Finally, I cracked a smile just to shut them up, and I retorted with a couple comments about their questionable lineage (with sincere apologies to my mother-in-law), and I also told them what they could do with some of their body parts. Then they hoisted me up, and we all had lunch and lived happily ever after in paradise. My frayed MCL eventually healed up just as I assume my hamstring will., but at least I was wearing pants this time!
My featured cook this week is faithful contributor, Jane Lambert of Stevensville, Montana. I think Jane knows me too well, because she wrote,”Winter doldrums got you down? Up in the night pulling calves? Just come in from feeding, and it’s 20 below? Maybe just uptight? These slightly alcoholic bundt cake recipes might just hit the spot!” Thanks, Jane!
Rum Cake:
1 C. finely chopped nuts
1 yellow cake mix
4 oz. instant vanilla pudding mix
4 large eggs
1/2 C. cold water
1/2 C. oil
1/2 C. dark rum
Preheat the oven to 325 degrees. Grease and flour a bundt, or tube pan. Sprinkle chopped nuts on the bottom of the pan. Mix all ingredients well, then pour into the pan. Bake for an hour or until it tests done with a toothpick. Cool on a wire rack for 15 or 20 minutes, and then invert onto a cake dish. Prick top of cake.
Topping: Mix and cook for five minutes:
3/4 C. water
1 C. sugar
1 stick of butter.
Cool for five minutes and add 1/2 C. rum. Let thicken some, and pour over the top of the cake.
Peppermint Schnapps Chocolate Cake:
1 box chocolate cake mix --(I used Betty Crocker Triple Chocolate Fudge)
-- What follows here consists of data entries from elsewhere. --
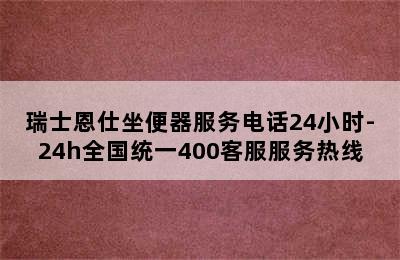 瑞士恩仕坐便器服务电话24小时-24h全国统一400客服服务热线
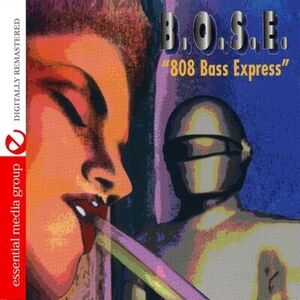 808 Bass Express , B.O.S.E.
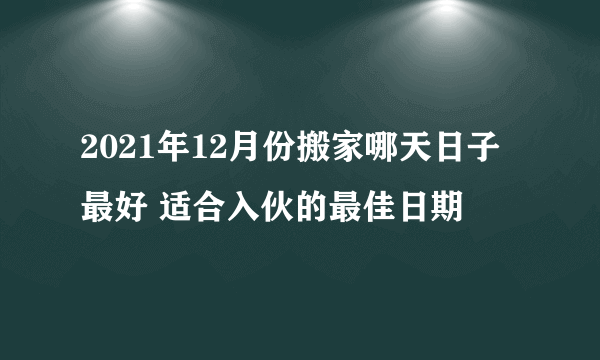 2021年12月份搬家哪天日子最好 适合入伙的最佳日期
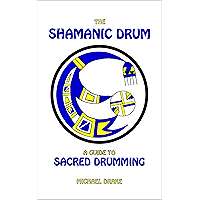 The Shamanic Drum: A Guide to Sacred Drumming book cover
4oz. box instant chocolate pudding
1 C. Peppermint Schnapps
1/4 C. water
4 large eggs
1/2 C. oil
Prepare bundt pan: grease well with butter. Scatter chocolate sprinkles on bottom and sides of pan. Mix well and pour into the prepared bundt pan. Bake at 325 degrees for about 45 minutes. Test for doneness with a toothpick. Let cool in a pan for 15 minutes on a wire rack and then turn out onto the rack. Cool thoroughly and apply glaze.
Glaze:
1 1/4 C. powdered sugar
3 T. Schnapps
Mix together well, adjusting the consistency to your liking with powdered sugar or Schnapps, and drizzle glaze over the cake.